THE TASK :: Repeat every record exactly, but omit the images.

Captioned web image data:
——

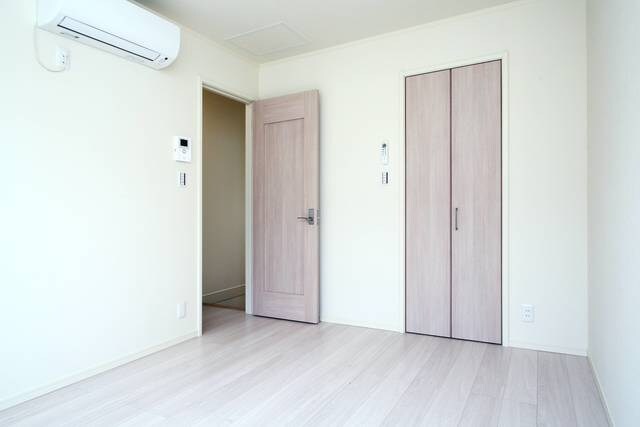 物件内観写真12　(※別部屋参考写真)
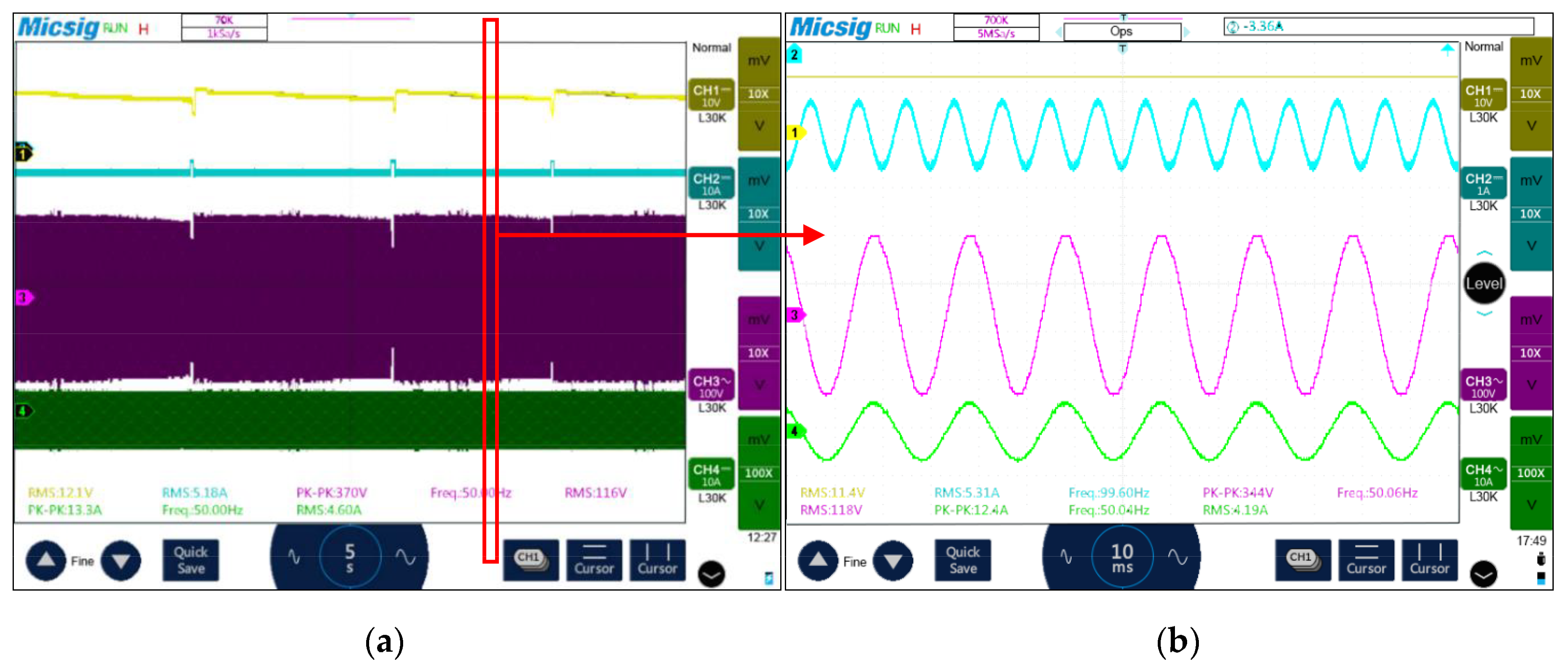 Electronics 10 00088 g009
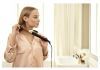    Philips BHB862 StyleCare Essential (BHB862/00)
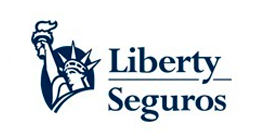 Liberty-Seguros
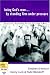 Book Being God's Man by Standing Firm Under Pressure (The Every Man Series)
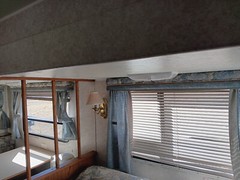 Trailer For Sale on Wheels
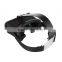 4.7-6 inch for iPhone Android VR Box Virtual Reality Headset vr glasses xnxx movies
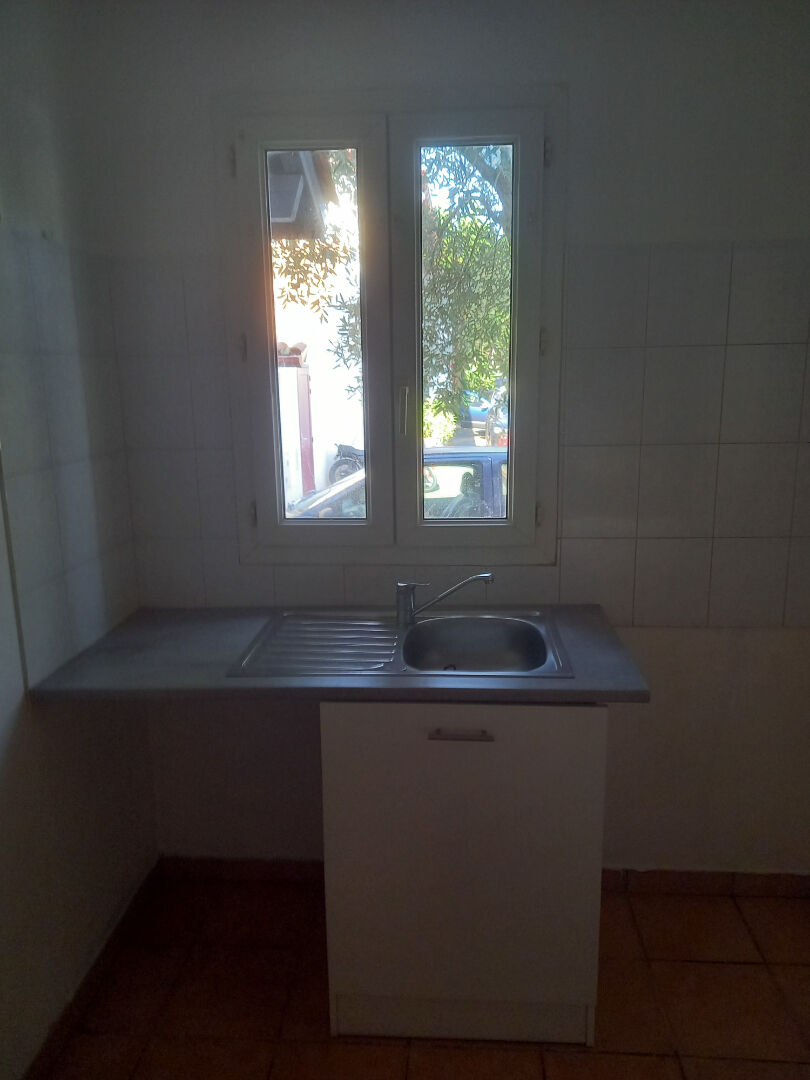 Photo MAISON MITOYENNE Anglet 4 pièce(s) 74 m2 image 6/6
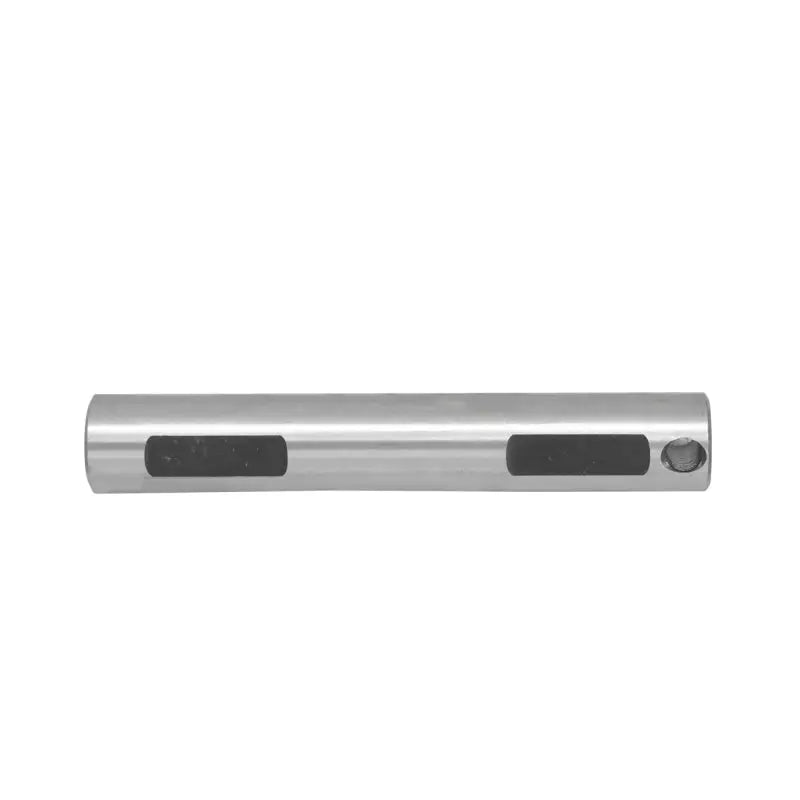 Yukon Gear & Axle YSPXP-033 Yukon Gear Standard Open Cross Pin (0.795in Diameter) For 8.5in GM. Fits Some Eaton Positractions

——

WRITTEN ANSWER ::
 物件内観写真12　(※別部屋参考写真)
 Electronics 10 00088 g009
    Philips BHB862 StyleCare Essential (BHB862/00)
 Liberty-Seguros
 Book Being God's Man by Standing Firm Under Pressure (The Every Man Series)
 Trailer For Sale on Wheels
 4.7-6 inch for iPhone Android VR Box Virtual Reality Headset vr glasses xnxx movies
 Photo MAISON MITOYENNE Anglet 4 pièce(s) 74 m2 image 6/6
 Yukon Gear & Axle YSPXP-033 Yukon Gear Standard Open Cross Pin (0.795in Diameter) For 8.5in GM. Fits Some Eaton Positractions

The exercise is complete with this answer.